Leaders of over 160 countries are expected to sign the Paris Agreement on climate change in New York today. This is a record for an international treaty and shows that the political momentum behind tackling climate change has not waned since Paris.

The agreement will technically come into force when a minimum of 55 Parties responsible for 55% of global greenhouse gas emissions have ratified it. For a country to officially complete the ratification process they must submit an official action plan to the UN, and this must be accepted by UN Secretary General Ban Ki-moon, and deposited.

Some 160 countries representing 87% of global emissions have already submitted draft plans to the UN. These draft plans could in theory be presented to the UN without amendment, and the Agreement could therefore be come into force relatively soon. This is particularly the case given that the U.S. and China pushing for prompt ratification. This means that the agreement come into effect well before the commonly appreciated date of 2020.

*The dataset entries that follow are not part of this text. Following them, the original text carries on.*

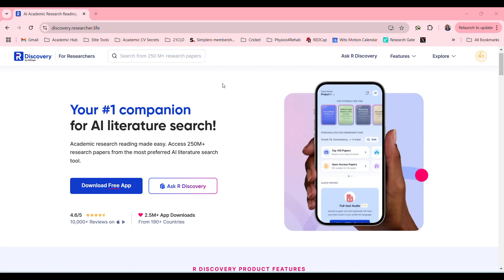Art Discovery — your number one companion for AI literature search. Academic research made easy. Access 250 million research papers from the most preferred AI literature search tool. Art Discovery is a tool that helps you find research related to your study and your field.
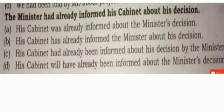Here is the example: 'The minister had already informed his cabinet about his decision.' Which one is the correct passive answer? It is the past perfect tense, so we need 'been.' Option C: 'His cabinet had already been informed about his decision by the minister.' Option D: 'His cabinet will have already been informed about the minister's decision.' Since the sentence uses 'had,' it is past perfect tense, so C is correct: 'His cabinet had already been informed about his decision by the minister.' Look at how subject and object are changed: I becomes me, we becomes us, they becomes them, he becomes him, she becomes her.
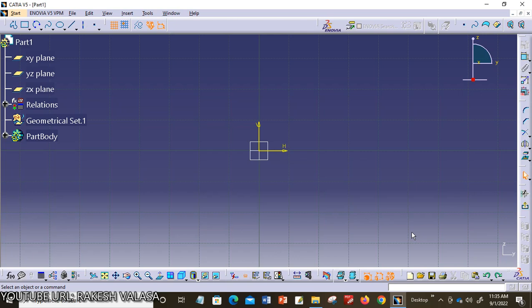Hello everyone. Welcome to CATIA Tutorial. I am Virakesh, Assistant Professor in the Department of Mechanical Engineering, Kitswarangal. In this video lecture, I am going to explain how to create a point in CATIA V5 software and what sub tools are available in the point toolbar.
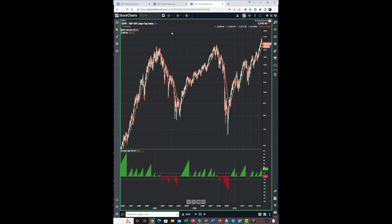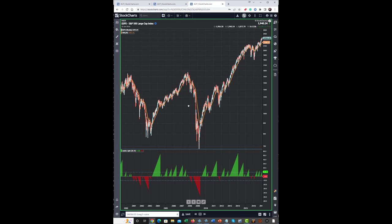And you can go all the way to a weekly chart. As you can see, major bull and bear cycles can be caught and stayed with just by simply following the green and the red.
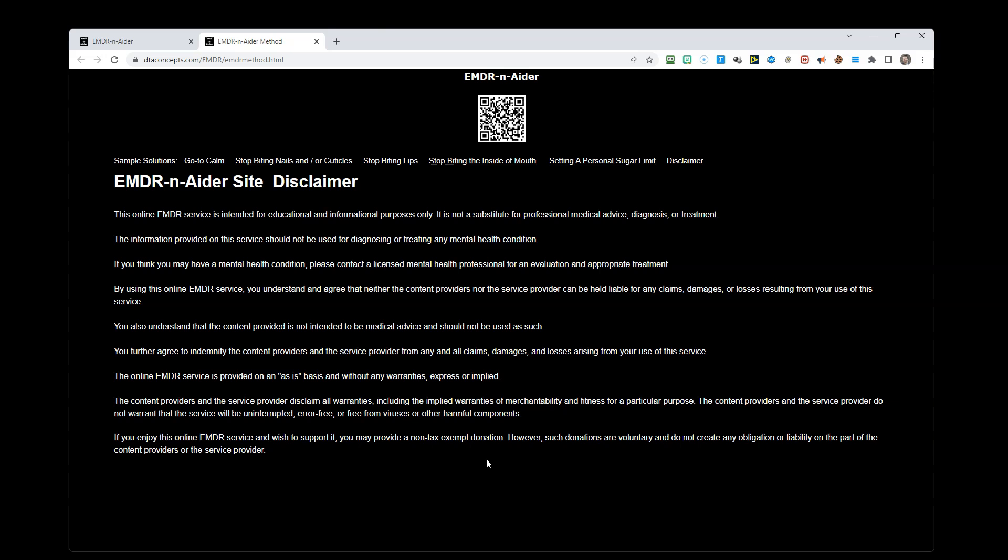You also understand that the content provided is not intended to be medical advice and should not be used as such. You further agree to indemnify the content providers and the service provider for any and all claims, damages, or losses arising from your use of this service. The online EMDR service is provided on an as-is basis and without any warranties expressed or implied.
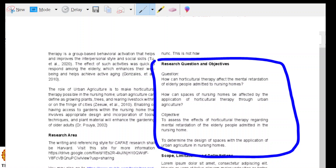There should only be one research question. Here it appears that there are two research questions. Just one — so that we have focus and can be sure to finish. Thank you.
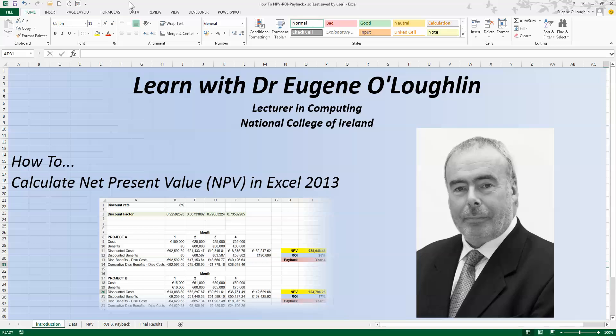Hi everybody, this is Eugene O'Loughlin, Lecturer in Computing at the National College of Ireland, and welcome to my series of short how-to videos. In this video, we're going to learn how to calculate net present value, NPV, in Excel 2010.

As discussed here and here, the problem with current draft plans is that they are incompatible with keeping global temperatures to within safe levels. Draft plans are also of highly variable quality, clarity and ambition. Countries like Japan and Australia, among many others, would need to come forward with far more credible pledges if their climate rhetoric is to have credibility.

The ambition gap at the heart of the Paris Agreement could not have been illustrated in more stark terms by the global thermometer in February and March 2016. Two months after global leaders had agreed to make “best efforts” to maintain temperatures below 1.5 degrees, this threshold has already been breached, albeit perhaps only temporarily.

There is therefore much work to be done to address the global challenge of climate change, and this should not be forgotten amongst the pomp and fanfare today in New York.